▸ THE PROBLEM:
For this listing, reproduce the line with "Leo Bezerra entrega", the line with "2025 Land Rover Range Rover SE SE", and the lines between, exactly as they stand. Leave out pictures and all other lines.

▸ EXERCISE DATA:
------------------------

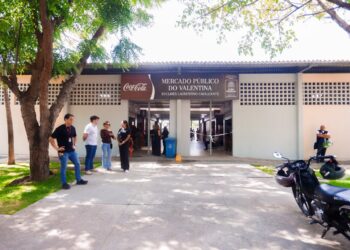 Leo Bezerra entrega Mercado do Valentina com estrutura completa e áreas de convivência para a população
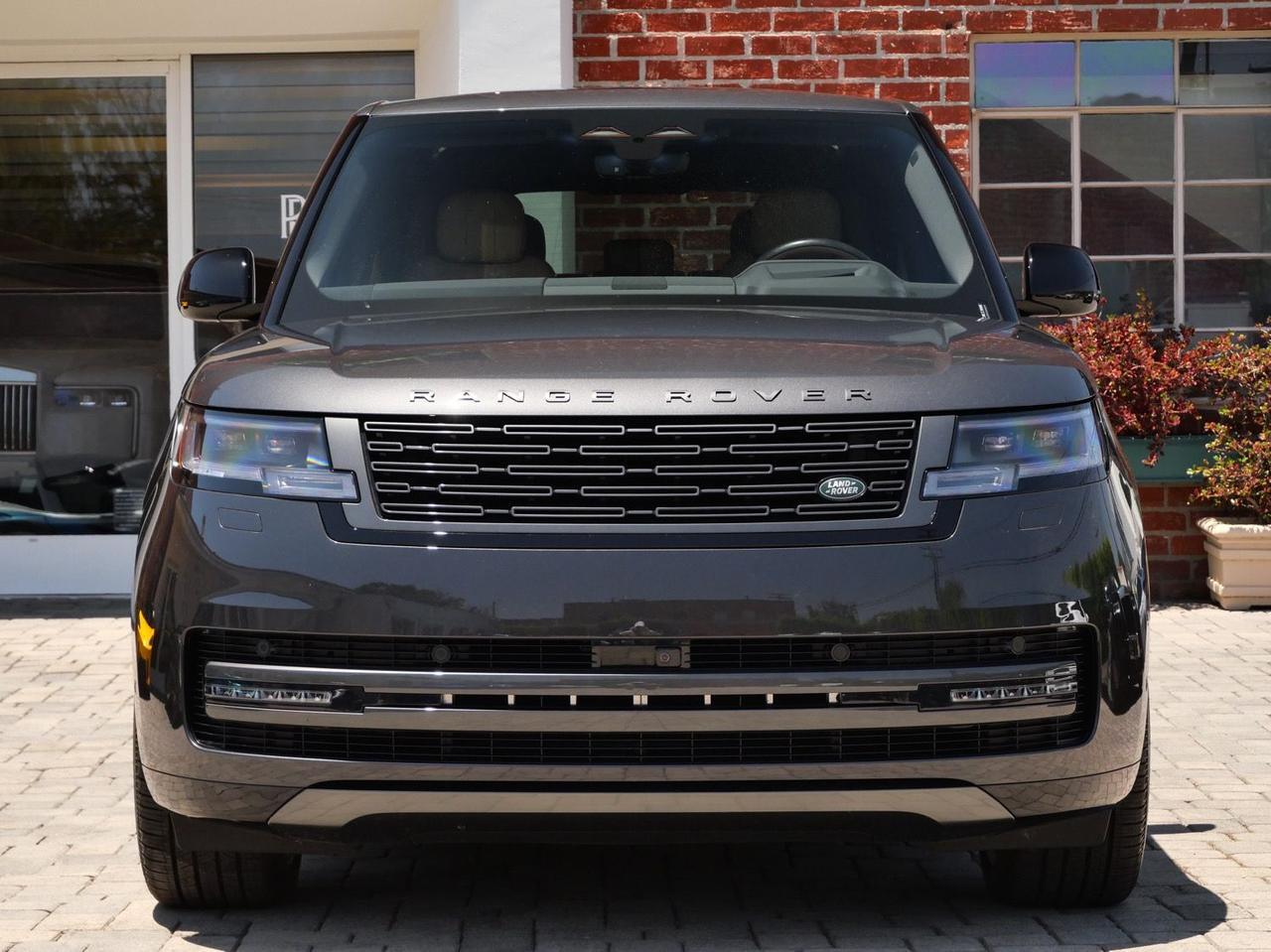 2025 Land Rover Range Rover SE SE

------------------------

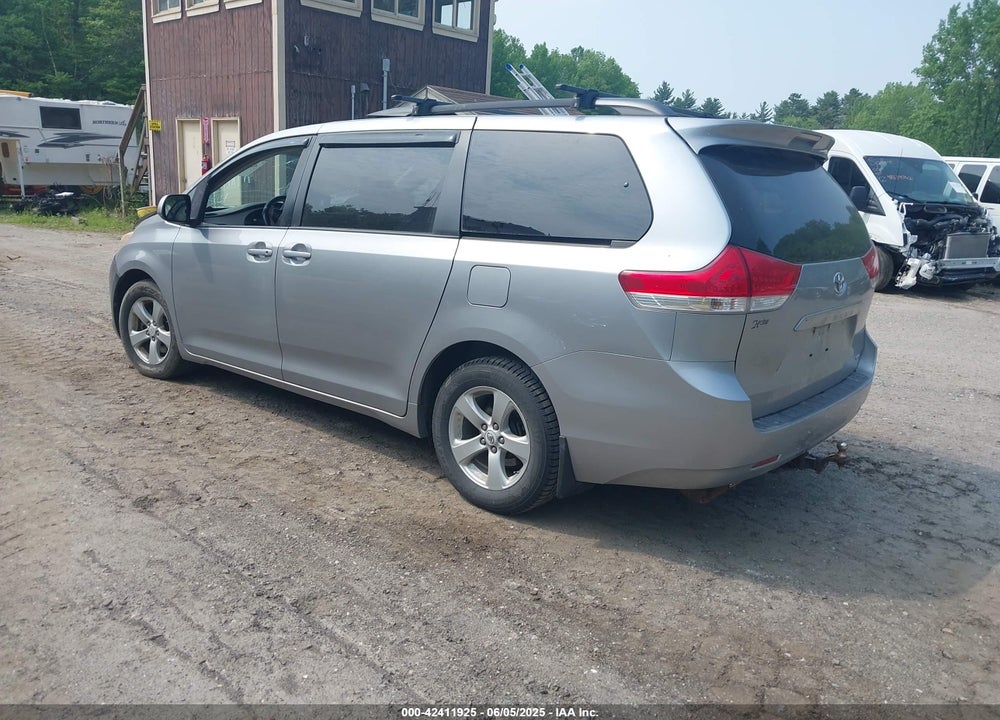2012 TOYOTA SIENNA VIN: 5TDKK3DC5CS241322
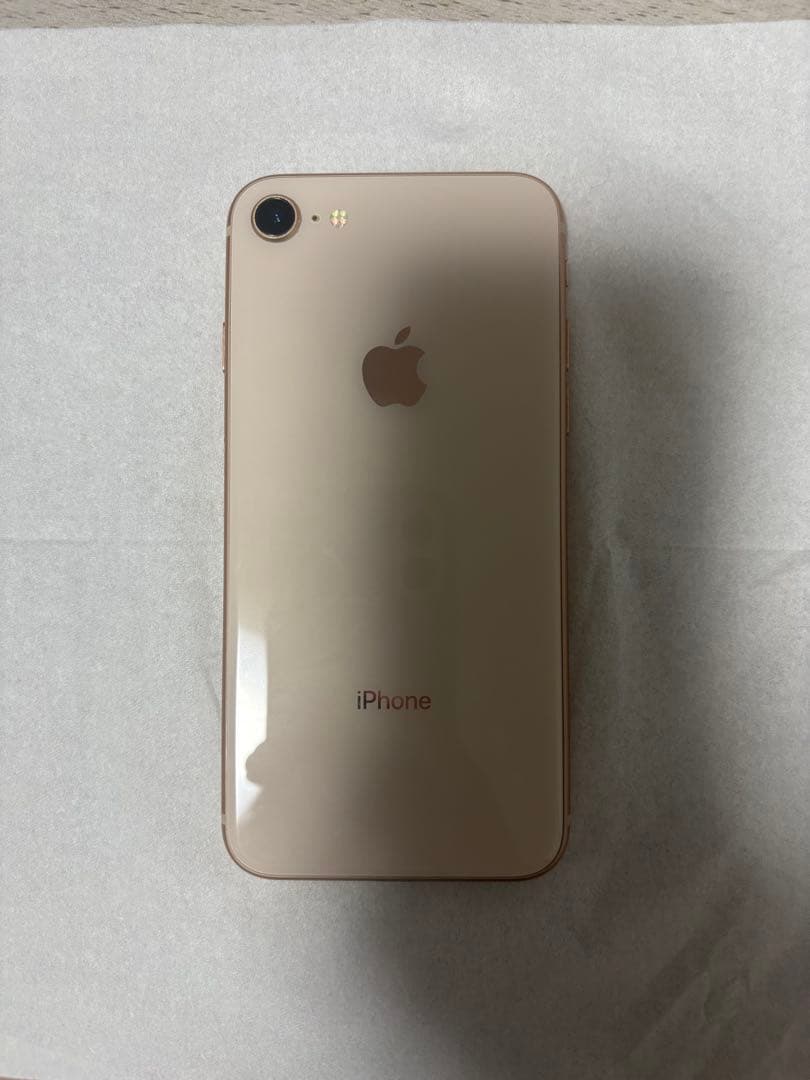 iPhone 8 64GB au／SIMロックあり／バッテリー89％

------------------------

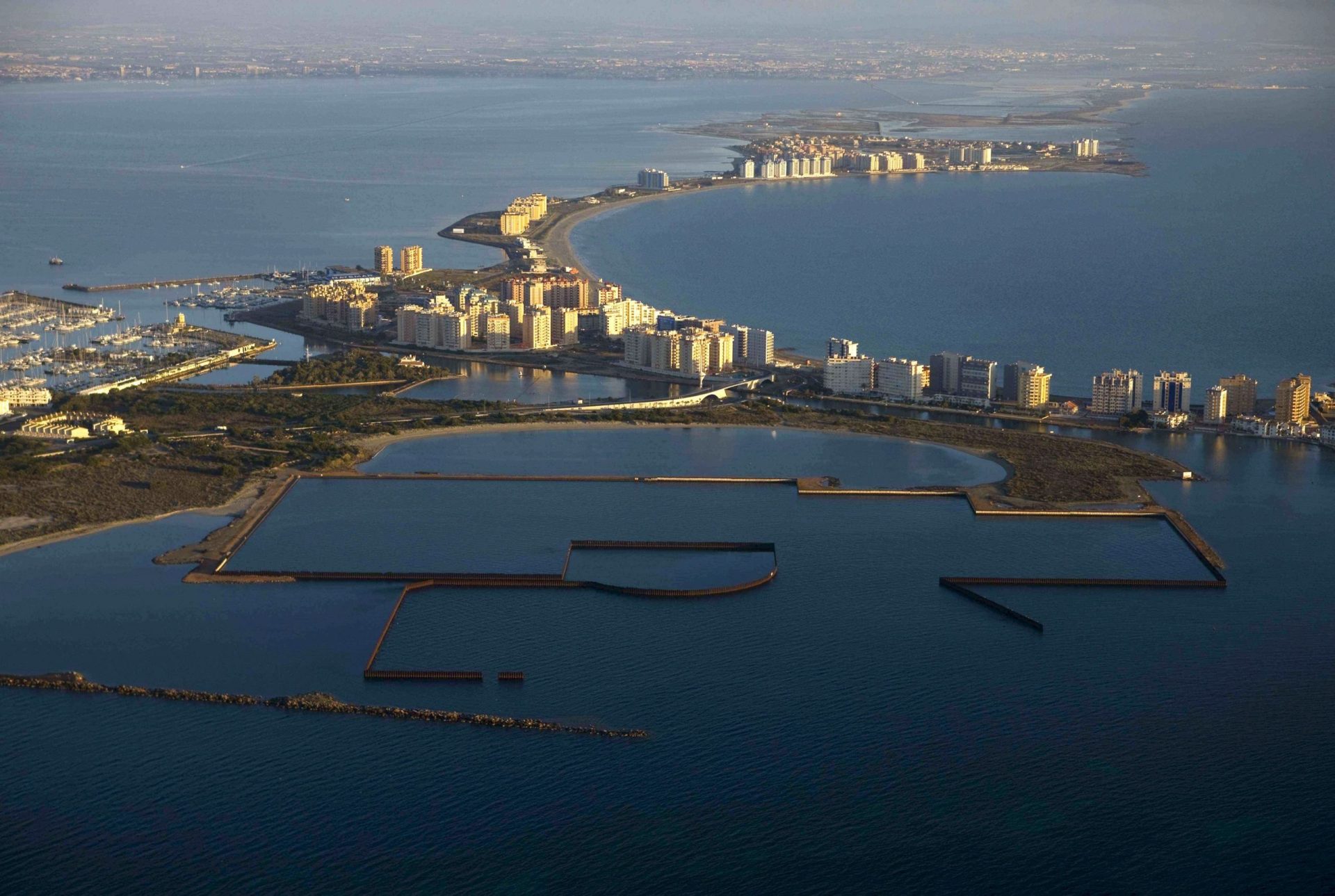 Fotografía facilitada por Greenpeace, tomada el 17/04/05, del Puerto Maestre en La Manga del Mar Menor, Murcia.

------------------------

▸ TASK RESULT:
 Leo Bezerra entrega Mercado do Valentina com estrutura completa e áreas de convivência para a população
 2025 Land Rover Range Rover SE SE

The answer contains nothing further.